Friday, November 27, 2020

Moscow has Used Police Powers, Penetration, Radical Islam and Russian against Circassian National Movement, Khatazhukov Says

Paul Goble

            Staunton, November 24 – Valery Khatazhukov, a leader of the Circassian movement in Kabardino-Balkaria, says that Moscow has used an entire panoply of measures to try to block Circassians from organizing effectively against Russian repression, efforts that have complicated life for the nation but at the same time highlight its growing influence and power.

            In an interview with the Prague-based Caucasus Times, the activist says that Moscow and its representatives in the Caucasus first used its police powers to go after the national movement directly. And then the authorities deployed Circassians prepared to cooperate with them to subvert national organizations (caucasustimes.com/ru/valerij-hatazhukov-o-salafitah-tradicionnom-islame-i-nacionalnoj-kulture/).

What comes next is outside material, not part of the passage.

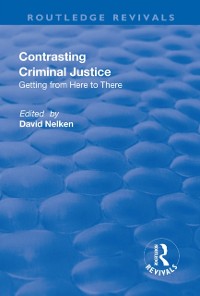 Cover Contrasts in Criminal Justice: Getting from Here to There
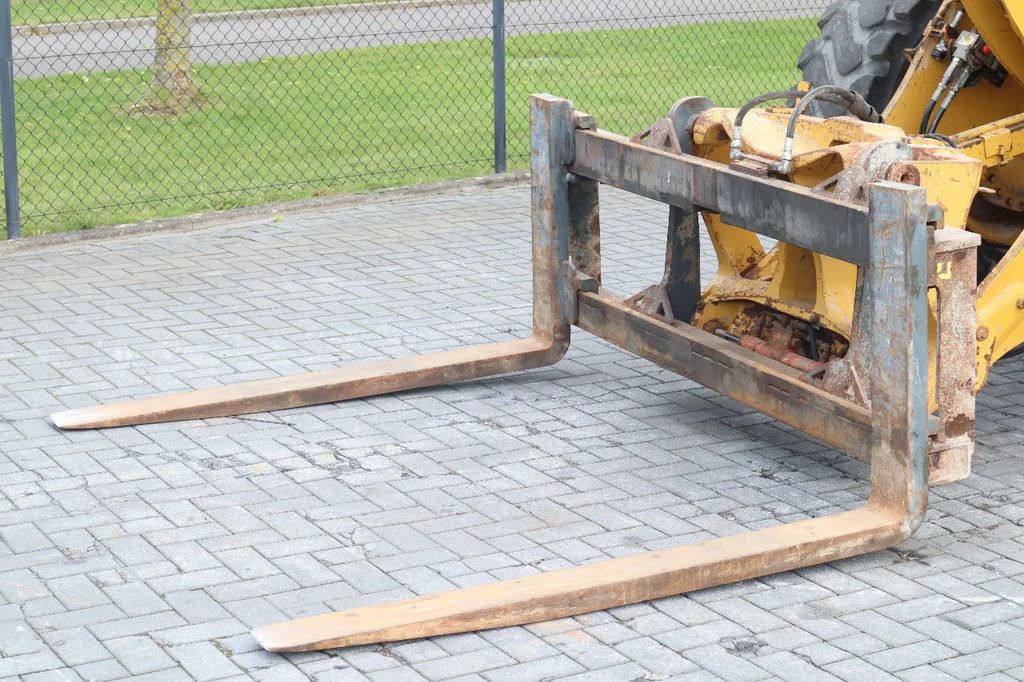 Caterpillar 938 M | 2X BUCKET | JIB | FORKS | BSS | GOOD CONDITION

            As a result, many of the organizations in the Circassian world that were proud defenders of the nation two decades ago are now mere shells of what they were and work for the Kremlin against the Circassians rather than the other way around, a development that has sown confusion among Circassians and their supporters, Khatazhukov says.

            At the same time, Moscow and its minions in the Caucasus have used two other tools against the Circassians. On the one hand, the powers that be have opened the way for radical Salafi Muslims to operate in Circassian areas, hopeful that this will split the nation along religious lines as the rise of Islamic radicalism has in other cases.

            This tactic has not proven effective, he continues, because few Circassians even among the young are ready to listen to the siren song of the radicals. Instead, they remain committed to the values of khabze, the traditional code of the Circassian nation, and to its understanding of traditional Islam.

            And on the other hand, despite proclaiming that Circassians have the right of return as compatriots, Moscow has effectively gutted that announcement by requiring that Circassians from Syria and elsewhere abroad pass tests in Russian to remain in the country, a language few of them know and do not need in Circassian areas.

            This Russian approach has in fact limited the return of Circassians to the national homeland, but it has backfired because it has radicalized many Circassians who can easily see that Moscow is applying a double standard as far as compatriots are concerned and is committed to an ethnic Russian state rather than a multi-national one in which the Circassians have a place.

            Almost all the problems the Circassians now face in the North Caucasus could be solved if the regional heads were again elected by the population. That would work to the benefit not only of the Circassians but of Moscow because at present “not a single normal person in the North Caucasus wants that Russia fall apart.”

            But Moscow so fears any genuine expression of the popular will that it is taking actions that are working against its interests as well as those of the Circassians and other peoples within the borders of the Russian Federation. “If this situation doesn’t change,” Khatazhukov says, “these processes can lead to the disintegration of Russia.”